[Web page caption snippets]
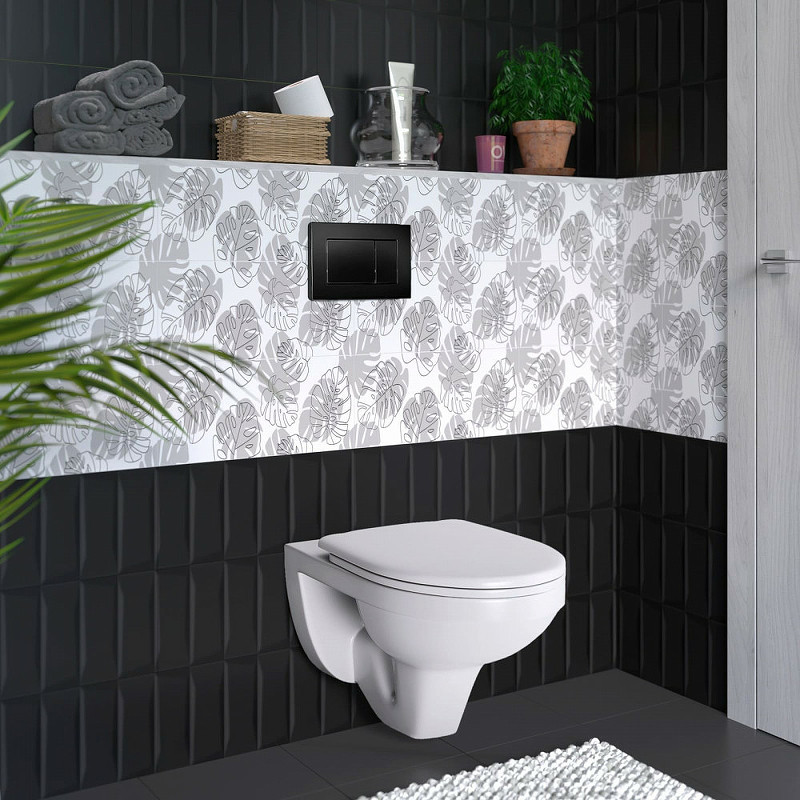 Комплект унитаза Ceramicanova Uno Rimless CN11001 с инсталляцией Berges Atom 410 040332 с сиденьем Микролифт и Черной матовой клавишей смыва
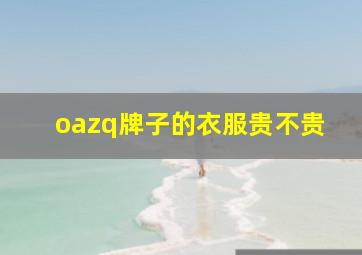 oazq牌子的衣服贵不贵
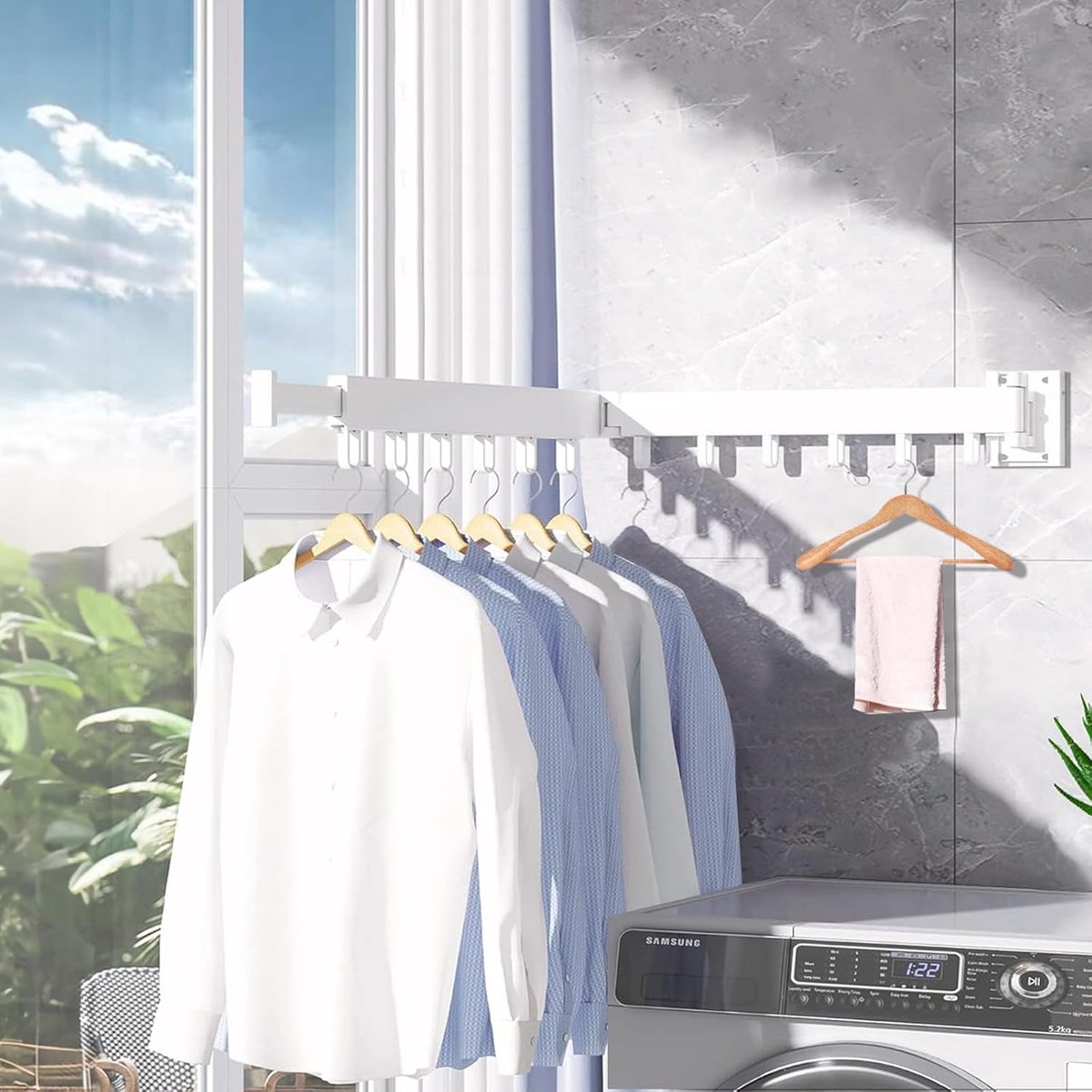 Foldable Wall Drying Rack - Foldable Wall Clothes Rack - Foldable Wall Clothes Rod - 2-Way Drying Rack - V1188-MS101-01639-1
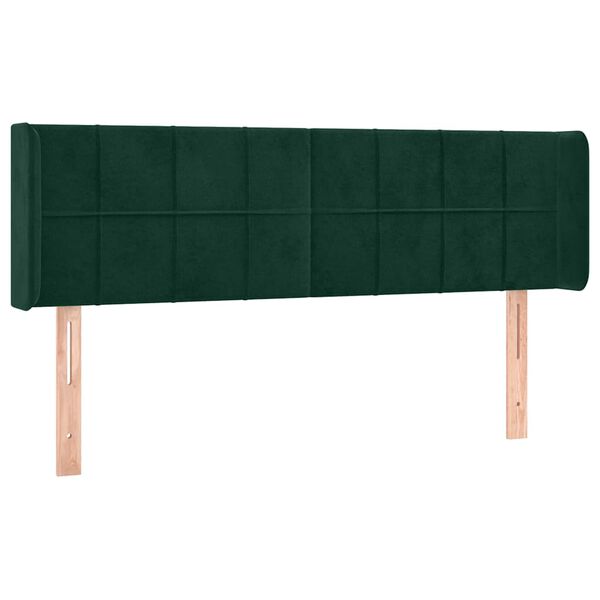 vidaXL Cabeceira cama c/ luzes LED veludo 147x16x78/88 cm verde-escuro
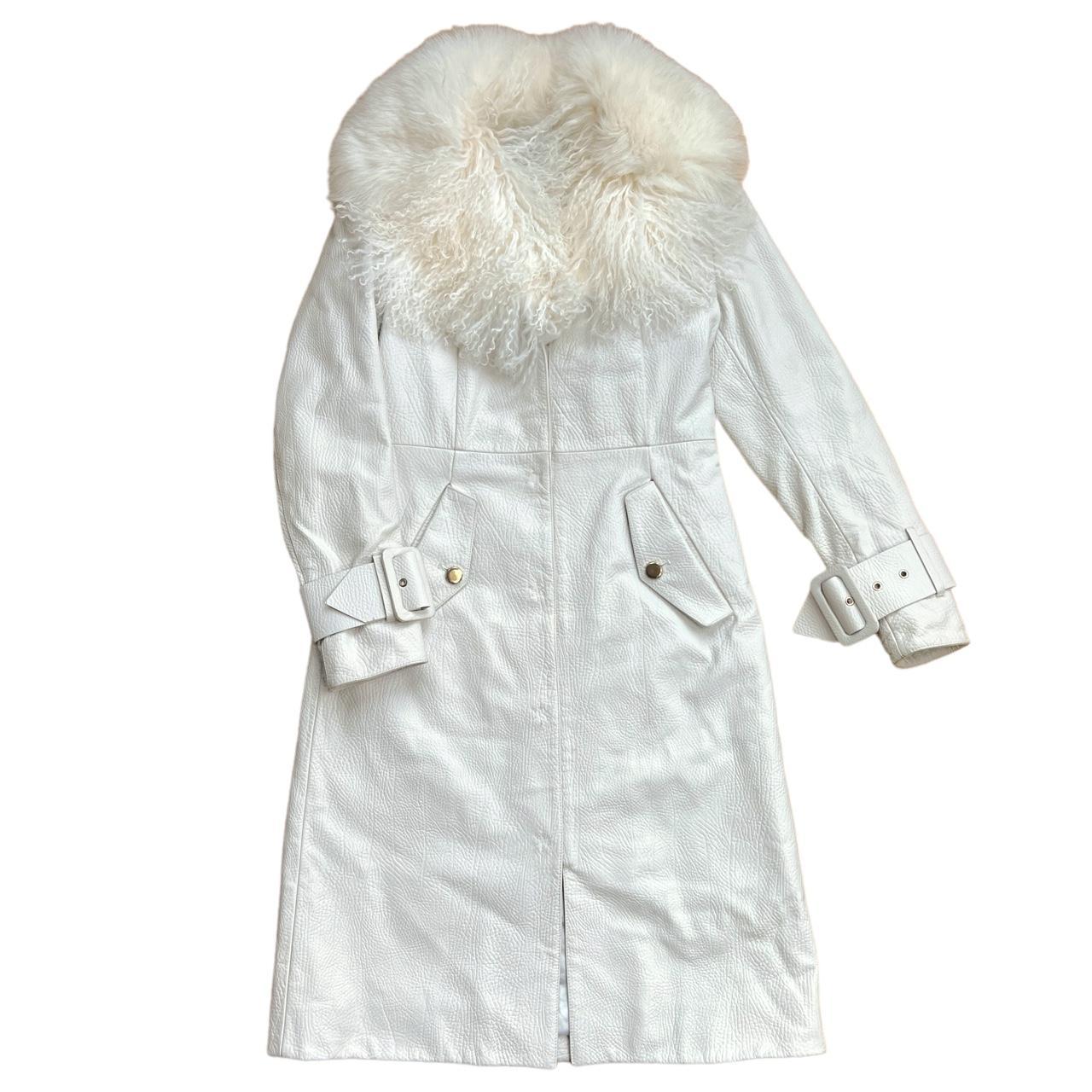 Blumarine White Leather and Mongolian Lamb Fur Collared Coat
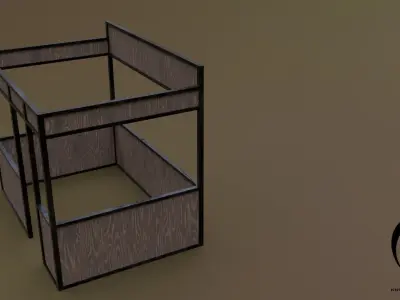 Stall stand 09 R Low-poly 3D model
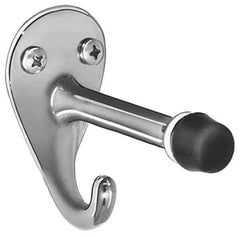 Bradley - 3" Projection Door Stop with Hook - Wall Mount, Chrome Finish - Industrial Tool & Supply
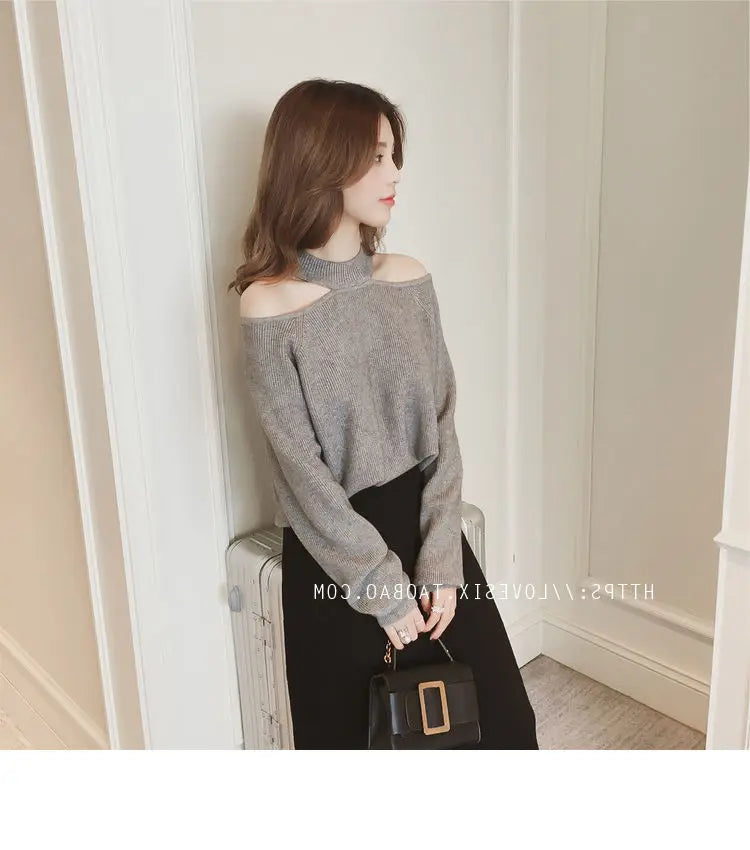 Top- Women's Casual Solid Loose Sweaters Female Sexy Halter Slash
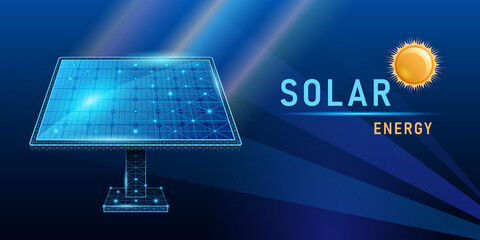 solar panel low poly light effect on blue background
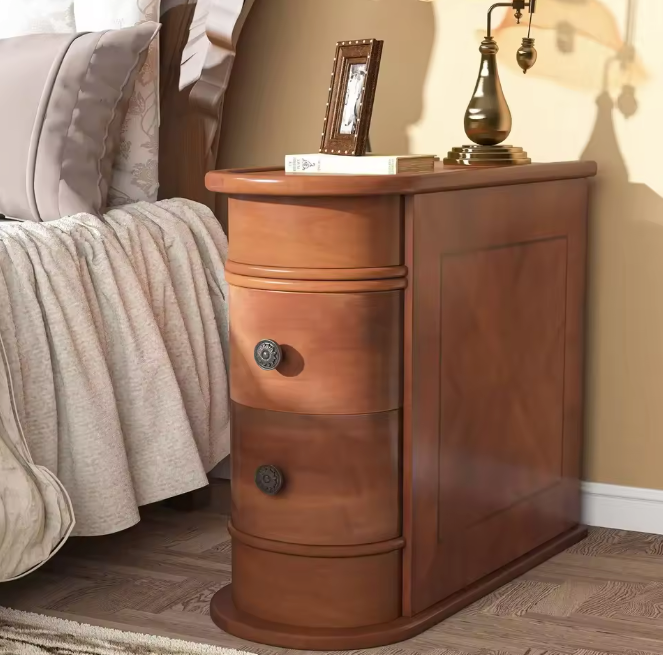 Ronde Houten Nachtkastje met 2 Lades – Klassiek & Volledig Gemonteerd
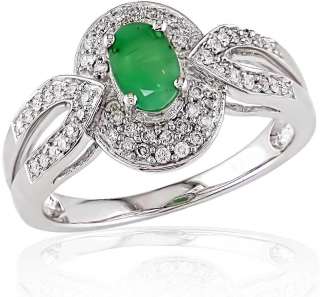 14k Gold Oval Emerald and 1/4ct TDW Diamond Ring  Overstock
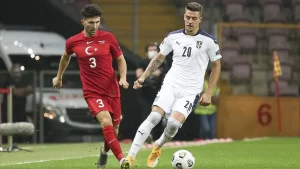 UEFA Uluslar B Ligi 3. Grup'ta oynanan Türkiye-Sırbistan maçının, 2-2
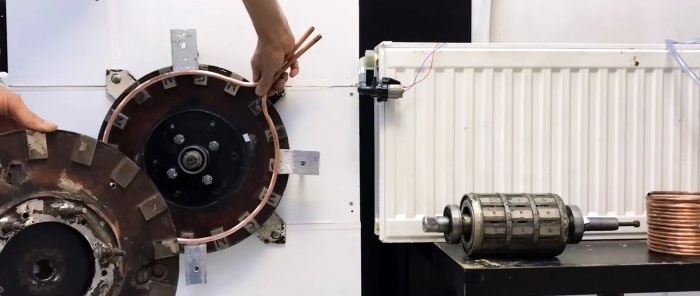 Heating using an electric motor of a washing machine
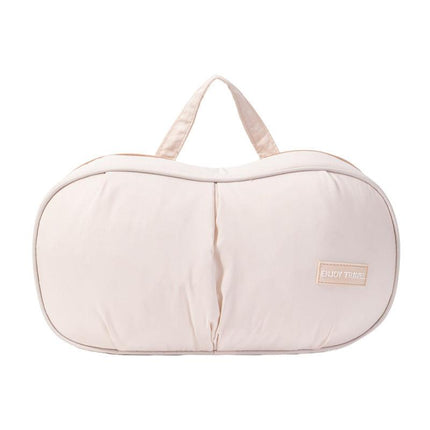 Beige Portable Underwear Travel Organizer Bag - Bra & Lingerie Storage, Anti-Deformation Case for Business Trips.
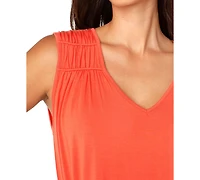 Liverpool Los Angeles Women's Sleeveless Shirred Detail Knit Top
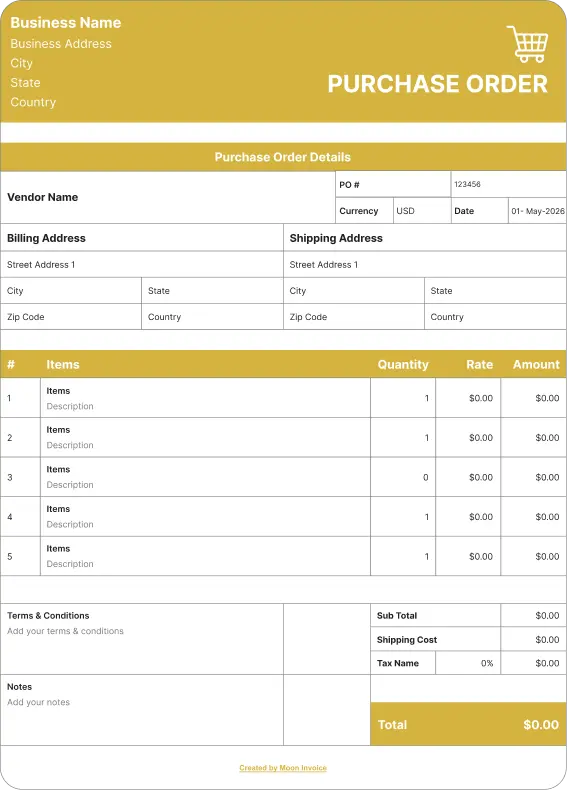 Blanket Purchase Order (BPO) Template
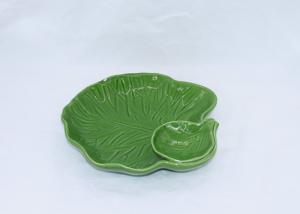 China Beautiful Ceramic Houseware Green Dolomite Ceramic Leaf Plate With Snack Dip Bowl Set wholesale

Task directions: Please transcribe exactly the part of the records that opens with the line containing "oazq牌子的衣服贵不贵" and closes with the line containing "Tool & Supply", both ends included, and leave out the pictures.

Written solution:
 oazq牌子的衣服贵不贵
 Foldable Wall Drying Rack - Foldable Wall Clothes Rack - Foldable Wall Clothes Rod - 2-Way Drying Rack - V1188-MS101-01639-1
 vidaXL Cabeceira cama c/ luzes LED veludo 147x16x78/88 cm verde-escuro
 Blumarine White Leather and Mongolian Lamb Fur Collared Coat
 Stall stand 09 R Low-poly 3D model
 Bradley - 3" Projection Door Stop with Hook - Wall Mount, Chrome Finish - Industrial Tool & Supply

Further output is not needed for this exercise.